In North Africa, Kabil runs discipleship programmes for new, often secret, believers - over a decade, thousands of believers have benefited. But he had a painful choice to make when he became a Christian.
"You must make a choice: it is us or Jesus. Do you want your family, or do you want your new faith?” This is the choice Kabil* in North Africa was faced with 10 years ago. It’s the choice many secret believers must make when their Christian faith is revealed to their Muslim families. Kabil found it a painful decision but he knew what he’d decide: he had to choose Jesus. “Nothing can equal the life that Jesus gave to me,” he says. And now he can share his experiences and knowledge with hundreds of believers, via a network of discipleship trainers.
Kabil, delivering training to new believers in North Africa
When Kabil first became a Christian, his family were not particularly hostile. They were Muslim, but not very strictly. A few years later, however, things got worse. “Big problems started, and I had to choose between my family and Jesus,” he remembers. “I decided to follow the Lord.
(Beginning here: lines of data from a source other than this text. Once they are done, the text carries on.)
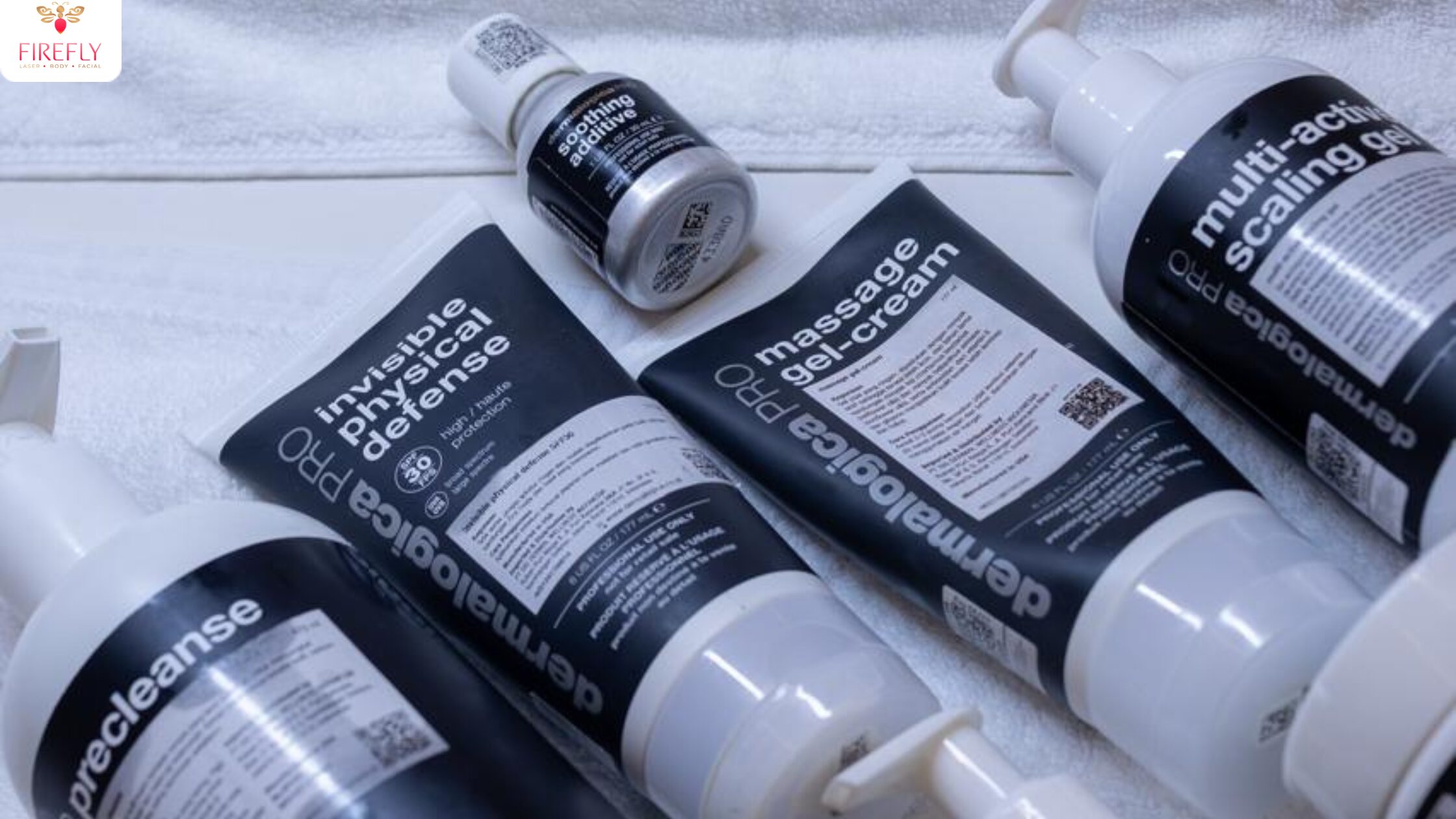 Professional Dermalogica products used in Firefly facial treatments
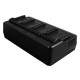 Chargeur professionnel 4 ports compatible avec Sony NP-FM50, NP-FM55H, NP-QM71, NP-QM91 - Image 2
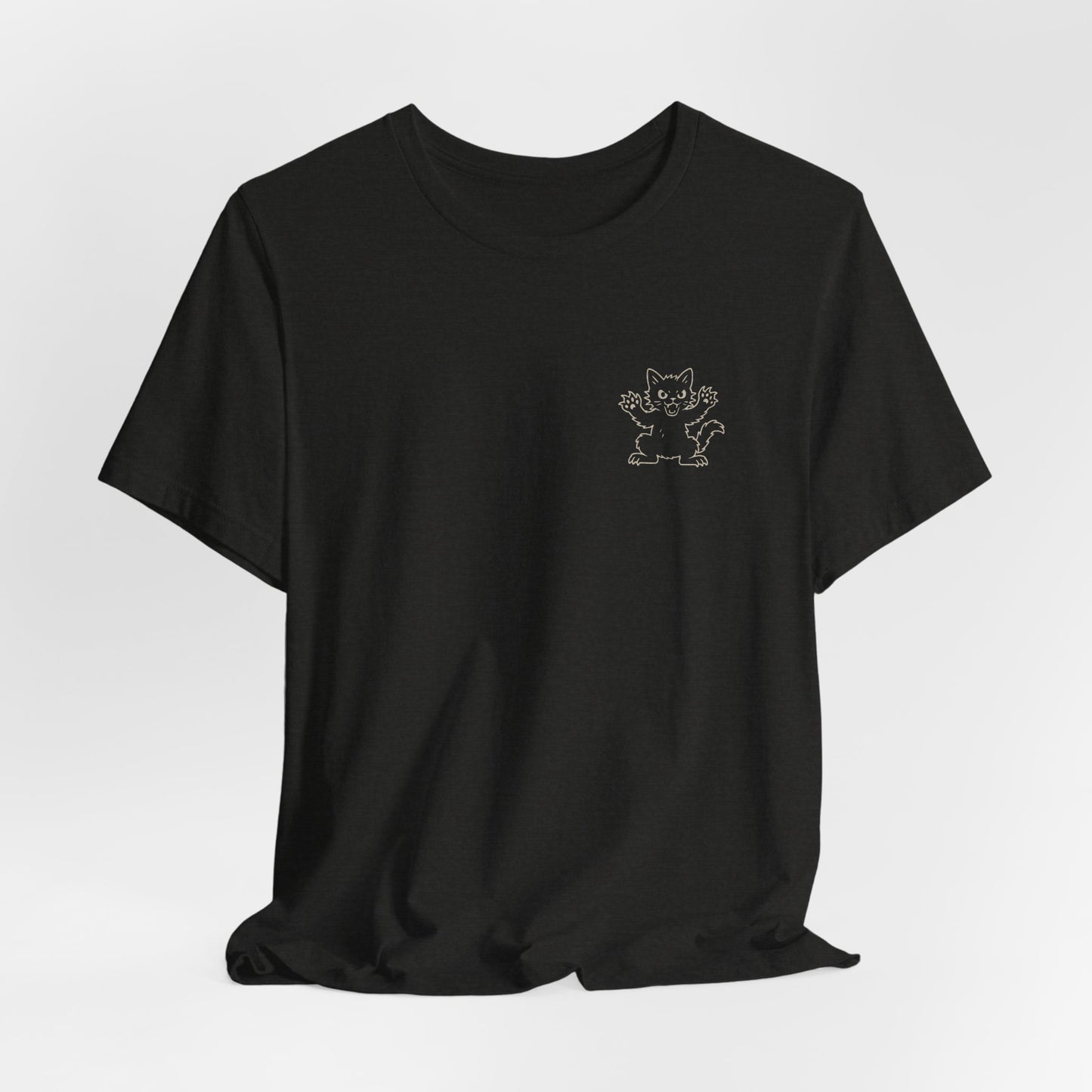 Feral Readers Book Club Tee – Read With Claws Out - T-Shirt - Black Heather - After Word
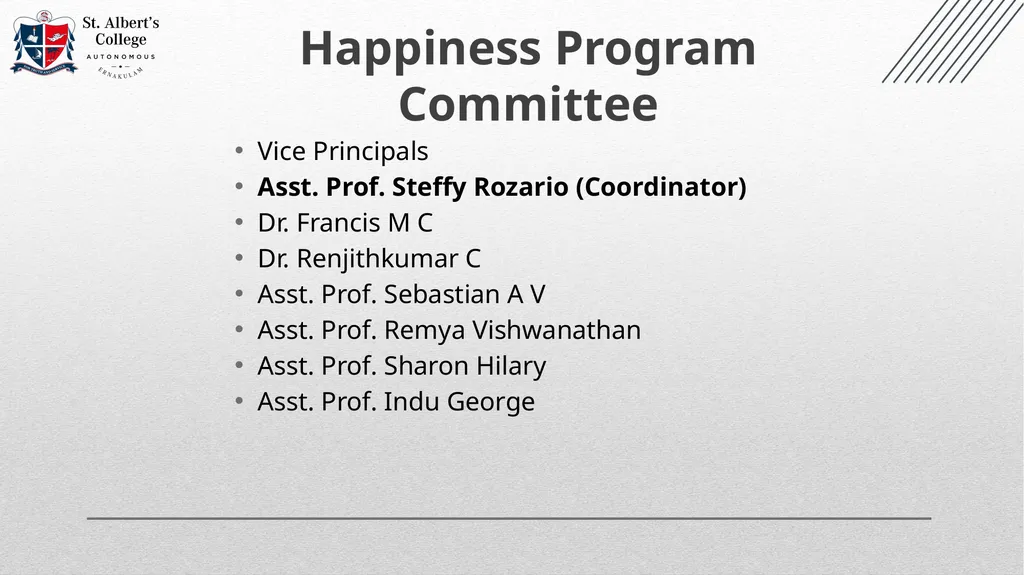 College Officials (2023- 2024) Changes in the - slide 58 of 74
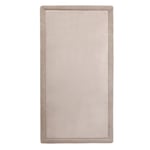 Hakuna Matte Lekematte i fløyel for baby 80 x 150 cm, beige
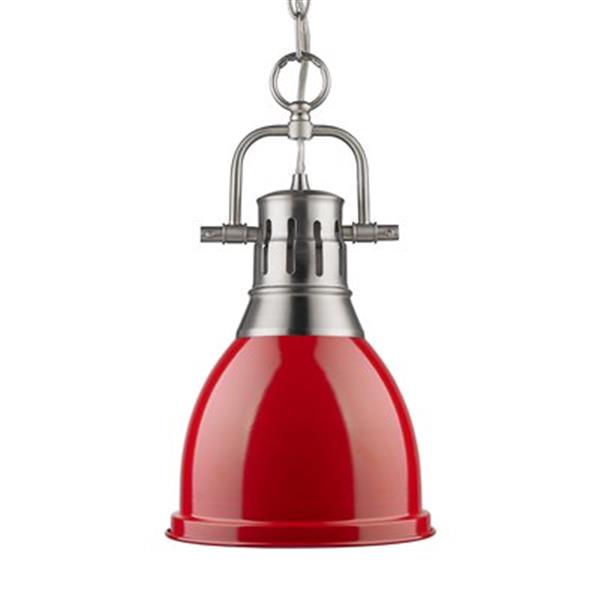 Golden Lighting 3602-S Duncan 1 Light Mini Pendant,3602-S PW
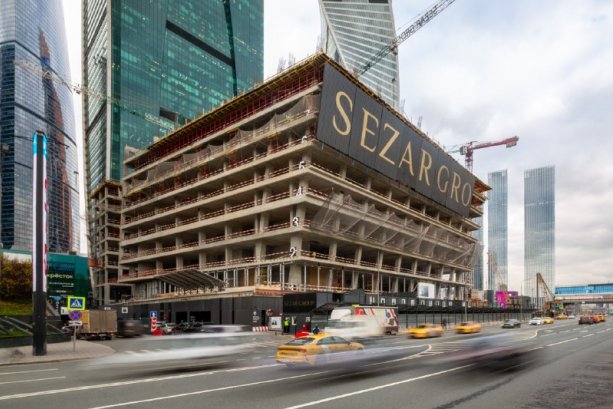 Строительство Sezar Tower участок 20, участок 4 Москва-Сити.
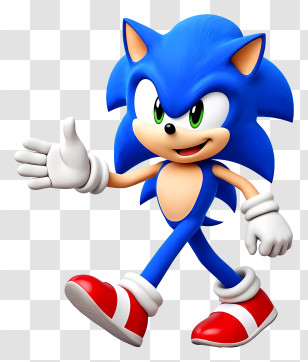 Sonic The Hedgehog - Blue Hedgehog Character Transparent PNG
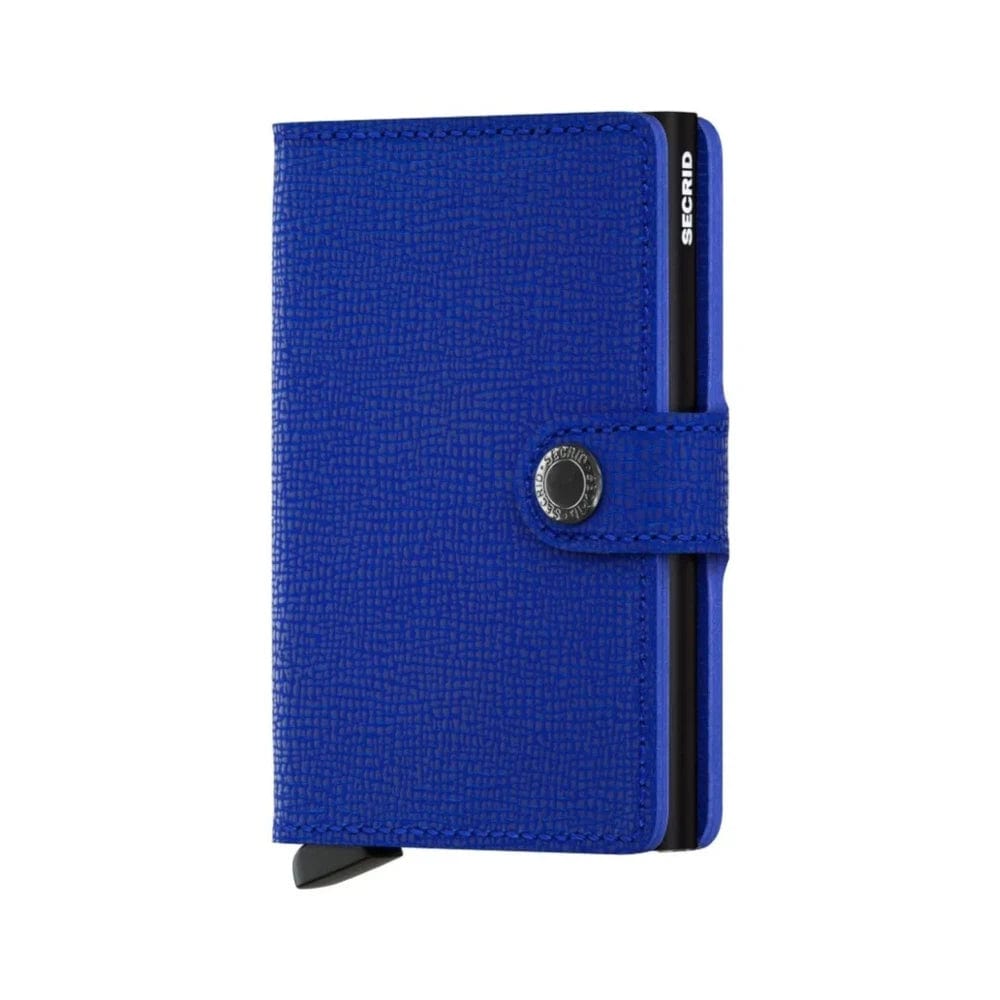 Secrid Mini Crisple Leather Wallet | Cobalt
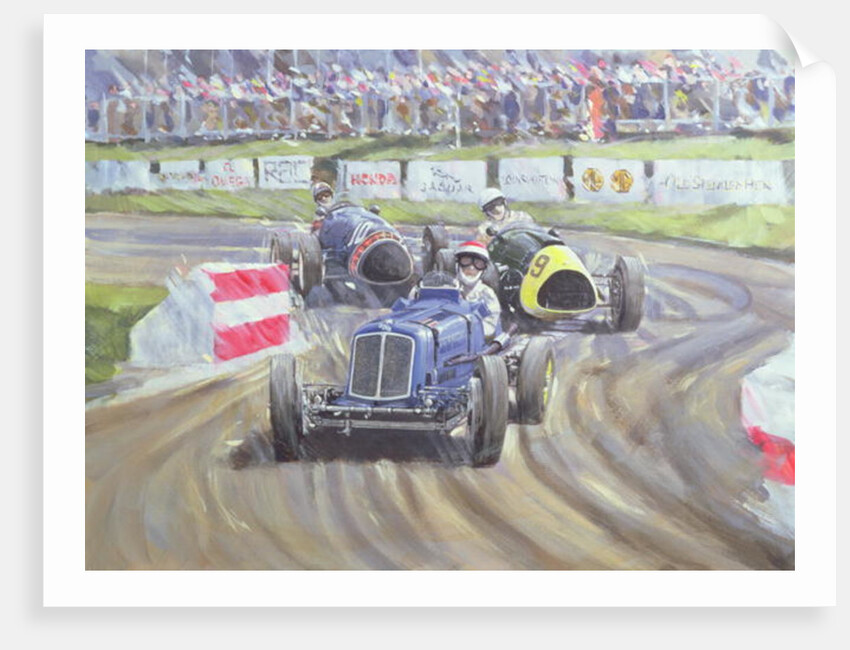 The First Race at the Goodwood Revival, 1998 by Clive Metcalfe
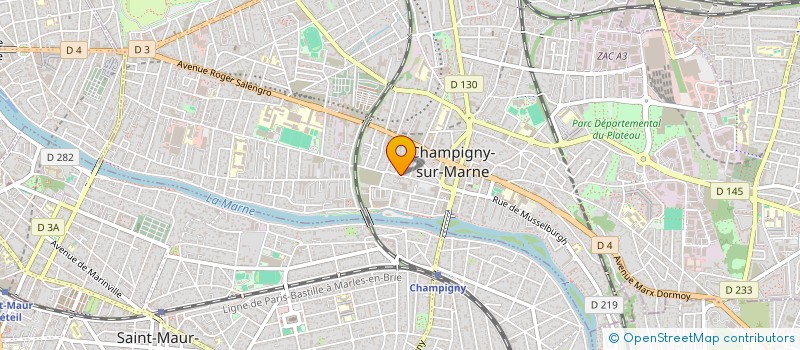 localisation de l'entreprise MONSIEUR JOSE RAMOS  CHAMPIGNY-SUR-MARNE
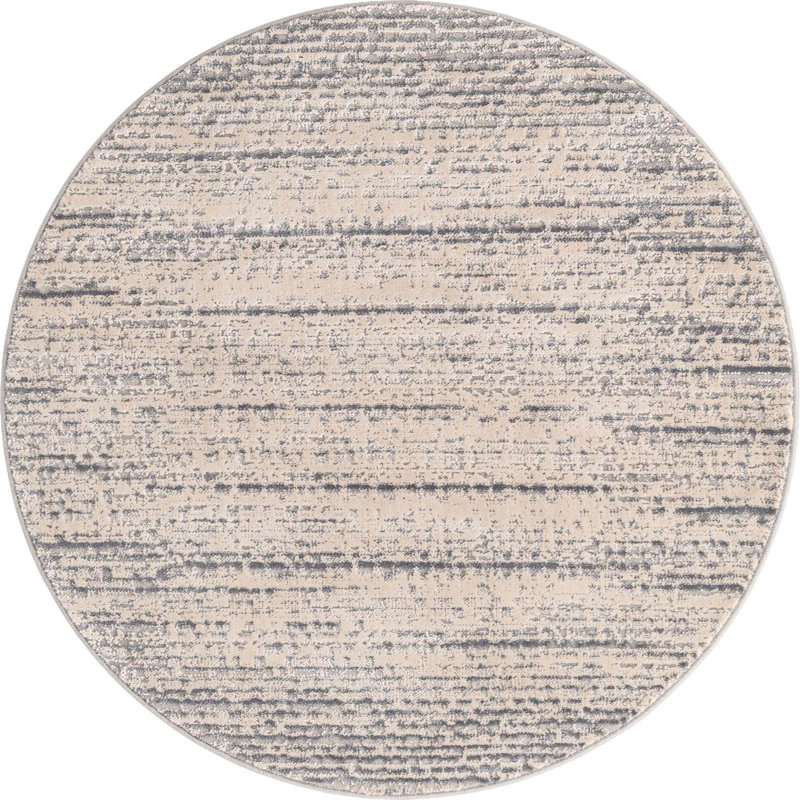 Abstract Indoor Rug, Round 4'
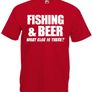Fishing & Beer  Mens Funny Fishing T-Shirt, Funny Gifts For Men Image 5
I gave up my family, my home and my business.” Kabil hasn’t seen his mother since then, and is only rarely in contact with his brothers and sisters.
But, as Jesus said in Mark 10:29-30, “No one who has left home or brothers or sisters or mother or father or children or fields for me and the gospel will fail to receive a hundred times as much in this present age: homes, brothers, sisters, mothers, children and fields—along with persecutions—and in the age to come eternal life.” Kabil has give up home, brothers, sisters, mother – but now he has a wide family of believers in his country.
Shortly after he decided to follow Christ, Kabil praying from Joshua 24:15: “As for me and my household, we will serve the Lord.” He was give the role of Bible teacher in his church – and noticed that, though the gospel was reaching people, recent converts to Christianity were stopping coming. They discussed the issue in church and saw that what they were lacking was discipleship training.
“The need was obvious,” says Kabil. “We saw that, once someone from a Muslim background was baptised, you do not see him or her at church. We also saw that some believers, after some years were not stable, in their faith. We wanted to offer a quality service, so we needed to organise training.” They used a programme developed by Open Doors. “After we started offering the course, we noticed changes among our brothers. We saw that they were staying in the church, we saw that there was great progress in terms of the relationships between the brothers and sisters.”
The training course has been transformative in Kabil’s church: “We witnessed so many positive changes on the spiritual level and in practice as well. I see lives that have been transformed. I saw people who did this course and who are now pastors. I saw isolated people, shy people who were rejected and who now blossom with groups. I think that if this training did not exist, the church would not last over time.”
And it’s not just Kabil’s church. The discipleship course has been offered across various regions of North Africa for almost a decade, and continues in an online form now that measures to combat the spread of coronavirus mean that believers are physically isolated from one another. Currently, there are about 350 attendants in different churches, including many whose faith has to be kept secret from their families. “I can tell you for sure that many people have been blessed,” says Kabil. “I would say thousands of people.”
As in many Muslim-majority countries, Christians in North Africa face persecution – particularly those from a Muslim background or whose family are Muslims. But Kabil sees blessing in the midst of persecution. “I would say that persecution is never fatal to the church; actually, it is a blessing. The church grows and blossoms thanks to persecution. Jesus talks about that in the Bible: ‘Blessed are those who are persecuted’.
“Rejoice when being persecuted, because this is how they persecuted the prophets and the apostles. It would be dangerous for the church if it got sleepy. I rejoice because the church is blossoming, thousands of people come to pray to the Lord. The enemy saw that the church spreads and that thousands and thousands of people converted to Christianity. I rejoice and I am very happy about the work of God. But, of course, I know persecution can damage me or my family.”
“According to Psalm 126:6: ‘Those who sow with tears, will harvest at the sound of joy and happiness’. One day we will harvest so many souls in this region. One day we will carry the gospel to all the countries around us. The Lord will rejoice when He sees the people awaking in North Africa.”
Kabil has made sacrifices, but he knows how important his work is to the life of the church and to many hundreds of believers: God has ordained him for this role.
“Teaching, communicating, seeing people growing in the faith, is what motivates me. I am here today because I love doing this, I love helping people and see them blossom,” says Kabil. “My life is fully dedicated to the Lord, especially to discipleship training.”